They show almost no NG verdicts, yet the stories from aviation lawyers suggest that many cases are lost, or withdrawn on the steps of the Court. So I kind of expect the CAA to rigorously list only those which they win, but that is evidently not quite the case. Are they really so slick, with NG plea defendants, in bringing to Court only those where a convinction is virtually certain?

One remarkable feature of the last list is the # of CAS bust prosecutions. This is a new thing; previous lists did not show much in this caregory and mostly only big media profile TRA busts were prosecuted. I wonder how, out of the hundreds of major-league CAS busts each year, they choose who to go after? They were all G pleas so could not have been cases of "poor attitude", unless the poor attitude was only at the initial "interview".

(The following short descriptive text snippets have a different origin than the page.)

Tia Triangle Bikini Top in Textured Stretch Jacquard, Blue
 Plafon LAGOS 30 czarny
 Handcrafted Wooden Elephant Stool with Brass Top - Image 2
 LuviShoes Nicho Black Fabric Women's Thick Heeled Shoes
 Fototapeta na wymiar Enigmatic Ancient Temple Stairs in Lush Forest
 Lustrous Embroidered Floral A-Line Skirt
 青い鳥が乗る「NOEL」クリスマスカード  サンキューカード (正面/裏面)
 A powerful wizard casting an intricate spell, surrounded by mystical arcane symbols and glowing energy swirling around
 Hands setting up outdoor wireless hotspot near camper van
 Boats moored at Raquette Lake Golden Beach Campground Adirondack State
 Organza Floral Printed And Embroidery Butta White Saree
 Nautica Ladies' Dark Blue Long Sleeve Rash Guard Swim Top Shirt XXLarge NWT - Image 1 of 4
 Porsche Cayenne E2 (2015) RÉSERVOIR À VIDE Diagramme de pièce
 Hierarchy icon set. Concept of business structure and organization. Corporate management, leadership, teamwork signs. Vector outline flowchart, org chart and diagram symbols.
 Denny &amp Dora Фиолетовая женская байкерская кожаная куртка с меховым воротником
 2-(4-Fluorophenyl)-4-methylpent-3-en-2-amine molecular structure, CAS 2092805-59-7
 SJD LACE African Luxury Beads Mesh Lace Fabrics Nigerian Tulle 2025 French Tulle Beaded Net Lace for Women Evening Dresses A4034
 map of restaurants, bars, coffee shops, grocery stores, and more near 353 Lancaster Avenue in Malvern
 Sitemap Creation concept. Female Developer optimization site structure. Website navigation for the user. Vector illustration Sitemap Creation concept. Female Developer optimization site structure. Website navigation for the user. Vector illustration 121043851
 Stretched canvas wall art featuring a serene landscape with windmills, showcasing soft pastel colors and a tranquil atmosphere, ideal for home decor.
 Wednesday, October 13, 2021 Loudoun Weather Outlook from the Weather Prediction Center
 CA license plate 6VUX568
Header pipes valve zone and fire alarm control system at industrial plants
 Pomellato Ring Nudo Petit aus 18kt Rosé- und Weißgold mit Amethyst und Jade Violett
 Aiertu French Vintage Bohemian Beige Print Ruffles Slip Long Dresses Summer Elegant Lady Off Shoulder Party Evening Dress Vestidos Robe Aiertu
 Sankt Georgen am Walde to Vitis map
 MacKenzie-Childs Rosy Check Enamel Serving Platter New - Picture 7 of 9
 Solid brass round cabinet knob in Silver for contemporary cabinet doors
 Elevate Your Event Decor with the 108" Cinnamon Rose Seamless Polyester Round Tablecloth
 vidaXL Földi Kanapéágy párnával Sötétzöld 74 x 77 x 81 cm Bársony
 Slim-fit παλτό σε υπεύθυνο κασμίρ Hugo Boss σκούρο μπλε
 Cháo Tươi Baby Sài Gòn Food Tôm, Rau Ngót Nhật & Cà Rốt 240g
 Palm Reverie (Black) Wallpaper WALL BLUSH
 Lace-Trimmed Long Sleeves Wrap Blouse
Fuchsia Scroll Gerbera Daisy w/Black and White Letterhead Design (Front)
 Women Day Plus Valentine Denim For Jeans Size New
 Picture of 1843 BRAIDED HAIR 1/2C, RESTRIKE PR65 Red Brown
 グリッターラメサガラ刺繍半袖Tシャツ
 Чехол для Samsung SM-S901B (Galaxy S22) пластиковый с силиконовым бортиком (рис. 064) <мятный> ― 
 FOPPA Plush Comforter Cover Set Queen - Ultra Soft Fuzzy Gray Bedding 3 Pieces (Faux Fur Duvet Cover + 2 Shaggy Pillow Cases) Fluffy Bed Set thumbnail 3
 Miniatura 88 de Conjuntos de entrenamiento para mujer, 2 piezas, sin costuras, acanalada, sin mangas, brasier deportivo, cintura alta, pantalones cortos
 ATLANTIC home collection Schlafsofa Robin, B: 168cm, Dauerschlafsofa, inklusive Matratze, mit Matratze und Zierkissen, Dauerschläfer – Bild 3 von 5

The false logbook case is interesting IF the £10,000 fine is not a misprint. I wonder what he was doing. My guess (not being a lawyer) is that he lied his way into some nice position (737 RHS job perhaps??) by forging his logbook; merely writing up loads of nonexistent flights into one's private flying logbook should not interest the CAA all that much... The 1500hr ATPL requirement is an absolutely totally ripe area for logbook forgery because those hours can be built up flying almost anything anywhere that is bigger than a kite, and a lot of them will be all but impossible to verify years later. I used to have a BCPL instructor who claimed to have an ATPL but he never got anywhere with it - assuming it existed as a real document which I doubt.

The head of prosecutions at the CAA is Ian Weston; I guess one could write to him for an explanation of something?